So that's the title I will use, and if there are any snickering '60s British schoolboys about, well, I guess good for them for keeping their essential youth all these years later.
The overall Tschai series comprises four novels, published quickly from 1968 to 1970, telling a continuous story about Earthman Adam Reith on that planet, where four alien races and the human sub-species they have enslaved and/or co-opted and/or bred over hundreds of generations have been fighting, mostly in a low-key, occasional way, for thousands of years. The first one was City of the Chasch, where Reith was the sole survivor of a Earth expedition to this alien system. From about the middle of that book, Reith has been trying to obtain a spaceship any way he can, so he can warn his people that this planet exists and has a previously-unknown population of these various kinds of humans. And, of course, also the four alien races, two of them spacefaring and all moderately hostile to each other and at least potentially hostile to Earth.
Servants of the Wankh is, if you think of the overall Tschai series as a cruise-ship company, the repositioning cruise. Chasch took place on one continent, but Reith and his compatriots - he's gathered a couple of allies from different human sub-species on this planet in the first book, plus a not-exactly-princess he rescued and was taking home - are off to a major human city on another continent, on the other side of the planet. Most of the book is travel, which is pleasant and works to a lot of Vance's strengths - random moments, interesting cultural tidbits, local color, descriptions of scenery and types of people - but may be unexpected for people reading a four-book series with "Adventure" prominently in the title.
The plan is to return that "princess" - Ylin-Ylan, the Flower of Cath - to her home city of Cath, on the coast of the Charchan continent, where her noble father will, Reith hopes, be gratified enough to help Reith find or build a starship. Cath was the source of a signal sent out into space about a hundred and fifty years ago, so this hope has some factual backing behind it. They first set out in an air-car, hoping to zip across a mountain range, cross a narrow northern strait to Charchan and then zip down the coast to Cath. But the air-car is old and in bad repair, so they have to divert south and take ship on a much longer and more complicated journey across the Draschade Ocean.
Ylin-Ylan's father had sent out various envoys to find his missing daughter - or, rather, publicized that he would grant a boon to whoever did so, causing a bunch of the usual young and plucky sons of the nobility to set off to adventure in quest of her. One of them, Dordolio, meets them in the port, and they take ship together. Dordolio's plans for reuniting Ylin-Ylan with her father do not entirely correspond with Reith's, unfortunately, and Ylin-Ylan, now that rescue is closer, starts to be concerned about everything that has happened to her and what her place will be in society once she returns.
Cath is one of those complex Vancean societies, full of social pitfalls and things that are never said and tight strictures on everything - the kind full of pressures that burst out, not all that uncommonly, with Cathites launching a violent spree called awaile. During the long sea voyage, Dordolio tries to provoke Reith into fighting, Ylin-Ylan sinks into a depression, and then it all blows up.

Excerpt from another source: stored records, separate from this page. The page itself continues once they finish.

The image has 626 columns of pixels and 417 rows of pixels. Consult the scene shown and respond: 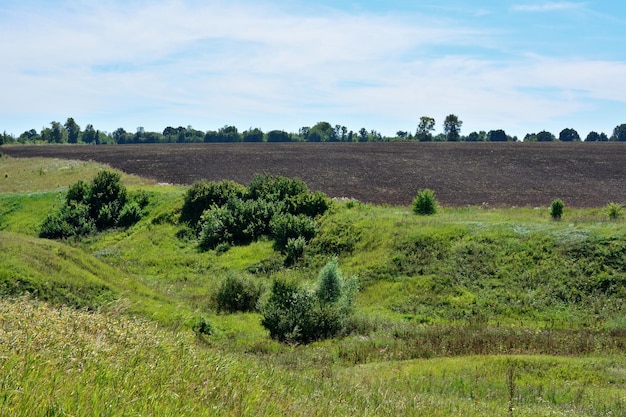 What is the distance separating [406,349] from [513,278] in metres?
9.74

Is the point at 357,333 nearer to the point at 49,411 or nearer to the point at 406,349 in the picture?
the point at 406,349

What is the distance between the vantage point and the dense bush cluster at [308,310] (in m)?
21.5

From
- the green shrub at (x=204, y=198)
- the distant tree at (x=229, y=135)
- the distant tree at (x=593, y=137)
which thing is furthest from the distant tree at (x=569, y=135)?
the green shrub at (x=204, y=198)

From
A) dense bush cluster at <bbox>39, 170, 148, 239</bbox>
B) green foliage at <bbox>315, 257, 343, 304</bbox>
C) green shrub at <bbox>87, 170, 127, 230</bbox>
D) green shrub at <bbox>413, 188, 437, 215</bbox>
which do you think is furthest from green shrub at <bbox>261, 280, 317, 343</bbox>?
green shrub at <bbox>87, 170, 127, 230</bbox>

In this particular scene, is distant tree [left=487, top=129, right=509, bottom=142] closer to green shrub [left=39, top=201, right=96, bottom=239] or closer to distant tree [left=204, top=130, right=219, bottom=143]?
distant tree [left=204, top=130, right=219, bottom=143]

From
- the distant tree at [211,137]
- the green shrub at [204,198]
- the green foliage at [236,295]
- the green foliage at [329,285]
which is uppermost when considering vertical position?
the distant tree at [211,137]

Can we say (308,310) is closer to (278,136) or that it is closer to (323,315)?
(323,315)

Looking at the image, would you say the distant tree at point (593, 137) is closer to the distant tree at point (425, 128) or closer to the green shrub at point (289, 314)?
the distant tree at point (425, 128)

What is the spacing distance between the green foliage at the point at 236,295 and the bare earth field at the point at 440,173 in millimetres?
24039

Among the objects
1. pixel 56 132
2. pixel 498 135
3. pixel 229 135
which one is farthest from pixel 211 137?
pixel 498 135

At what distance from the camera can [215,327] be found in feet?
69.6

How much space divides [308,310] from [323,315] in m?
0.68

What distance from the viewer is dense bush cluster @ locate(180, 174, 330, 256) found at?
3641 cm

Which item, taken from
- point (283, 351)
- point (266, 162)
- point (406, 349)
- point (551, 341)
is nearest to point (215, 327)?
point (283, 351)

(There are other events and characters as well - this book is somewhat a travelogue - but that's the main plot, and what connects to the rest of the series.)
Reith and company - what's left of it - does arrive in Cath, and does get caught up in more scheming there. Reith gathers a crew of human workers, and has a plausible scheme to steal a Wankh spaceship, which fails for reasons outside his control and leaves his band in the hands of the Wankhmen. I suppose it's not a spoiler to say that the hero manages to get away from them in this, the second of four books: he does. And he ends with a better sense of more parts of Tschai society, the satisfaction of having disrupted the society of a second alien race, and his health undamaged - but he's not any closer to having a ship to get off this planet.
Good thing there are two novels left!
This is a short book, and very much a middle one. It also has, as I said, essentially a travelogue plot, without as much of the action that readers may want in a late-60s paperback SF book. On the other hand, it's deeply Vancean, deeply entertaining, and full of lovely moments and descriptions. If you like Vance, read this whole series, and hit this one in the middle. If you like Vance in travelogue mode - there may be people like that - this is a good short example of his strengths in that area, and it works outside the series context on that level.